ID does not have anything to do with God, unless you insist it does.
Evolution does this, evolution does that, it creates, it splices, it dices, it deletes your term paper.
A couple of quotes from one of the against, Miller:
The key proteins that clot blood fit this pattern, too. They're actually modified versions of proteins used in the digestive system. The elegant work of Russell Doolittle has shown how evolution duplicated, retargeted, and modified these proteins to produce the vertebrate blood-clotting system.
Working researchers, it seems, see something very different from what Behe sees in these systems -- they see evolution.

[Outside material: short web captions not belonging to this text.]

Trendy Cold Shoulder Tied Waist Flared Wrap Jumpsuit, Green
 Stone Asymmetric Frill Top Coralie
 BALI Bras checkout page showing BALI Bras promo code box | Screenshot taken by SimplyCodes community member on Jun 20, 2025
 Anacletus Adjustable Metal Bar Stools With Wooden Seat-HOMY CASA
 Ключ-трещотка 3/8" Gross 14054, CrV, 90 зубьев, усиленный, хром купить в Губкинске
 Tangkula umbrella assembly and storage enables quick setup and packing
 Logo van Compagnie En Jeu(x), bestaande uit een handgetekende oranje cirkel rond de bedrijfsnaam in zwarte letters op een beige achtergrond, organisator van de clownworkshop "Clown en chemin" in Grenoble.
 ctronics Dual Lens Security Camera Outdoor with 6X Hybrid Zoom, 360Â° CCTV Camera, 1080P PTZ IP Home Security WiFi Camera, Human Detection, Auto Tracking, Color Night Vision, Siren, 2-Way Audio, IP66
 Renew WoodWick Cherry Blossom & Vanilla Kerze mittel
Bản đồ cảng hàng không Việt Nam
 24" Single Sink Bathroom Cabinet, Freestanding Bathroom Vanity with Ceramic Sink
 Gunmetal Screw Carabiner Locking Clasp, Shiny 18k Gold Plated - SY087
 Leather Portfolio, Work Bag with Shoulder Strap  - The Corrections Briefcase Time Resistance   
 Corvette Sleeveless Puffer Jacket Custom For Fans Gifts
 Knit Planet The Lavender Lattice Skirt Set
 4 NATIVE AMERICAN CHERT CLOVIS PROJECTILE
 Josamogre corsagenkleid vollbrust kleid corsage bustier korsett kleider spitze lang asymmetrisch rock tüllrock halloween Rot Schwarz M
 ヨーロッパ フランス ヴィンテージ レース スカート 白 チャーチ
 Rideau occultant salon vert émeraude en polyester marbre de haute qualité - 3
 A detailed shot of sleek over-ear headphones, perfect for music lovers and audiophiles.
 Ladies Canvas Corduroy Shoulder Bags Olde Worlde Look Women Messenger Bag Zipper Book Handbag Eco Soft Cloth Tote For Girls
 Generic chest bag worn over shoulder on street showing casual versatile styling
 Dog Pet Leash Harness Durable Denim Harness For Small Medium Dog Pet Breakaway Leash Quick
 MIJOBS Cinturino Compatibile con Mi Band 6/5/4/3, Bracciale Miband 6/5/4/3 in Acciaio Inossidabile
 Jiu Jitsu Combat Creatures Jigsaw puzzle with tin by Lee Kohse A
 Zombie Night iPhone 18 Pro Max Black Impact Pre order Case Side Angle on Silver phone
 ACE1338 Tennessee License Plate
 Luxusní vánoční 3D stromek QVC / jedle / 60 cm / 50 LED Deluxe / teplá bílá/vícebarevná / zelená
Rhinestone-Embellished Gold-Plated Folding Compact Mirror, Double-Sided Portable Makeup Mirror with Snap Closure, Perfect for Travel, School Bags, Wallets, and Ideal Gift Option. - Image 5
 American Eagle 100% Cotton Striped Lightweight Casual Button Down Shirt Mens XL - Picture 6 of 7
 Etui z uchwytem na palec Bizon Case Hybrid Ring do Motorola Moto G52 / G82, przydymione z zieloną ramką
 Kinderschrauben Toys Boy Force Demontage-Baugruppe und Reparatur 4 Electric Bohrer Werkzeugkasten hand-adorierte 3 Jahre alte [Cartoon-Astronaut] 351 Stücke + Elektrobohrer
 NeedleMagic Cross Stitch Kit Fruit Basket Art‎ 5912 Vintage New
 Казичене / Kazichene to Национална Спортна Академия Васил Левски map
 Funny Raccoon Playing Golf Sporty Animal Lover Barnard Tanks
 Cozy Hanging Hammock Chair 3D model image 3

What is this evolution that ‘duplicates, retargets, and modifies? What is the thing called evolution seen by ‘working researchers’? It is not enough to name it, like you would a pet. It must be identified! What is it composed of? Where is it located? Does it exist elsewhere in the universe, or only on Earth? Why does it do what it does? How does it do what it does?
Are it's actions purposeful or random? Some claim it makes mistakes. Is that assessment anthropomorphic, is evolution akin to some drooling village idiot? I guess not, because most people agree that it appears to be intelligent. Does that make it a God? I can’t see why it would, anymore than making chicken soup would make me a God.
The only thing we seem to know about this process is that it designs stuff and is smart, and that is all we have cared to know for 150 years. I think it is time to know more. If this debate achieves that goal, I will be a happier man.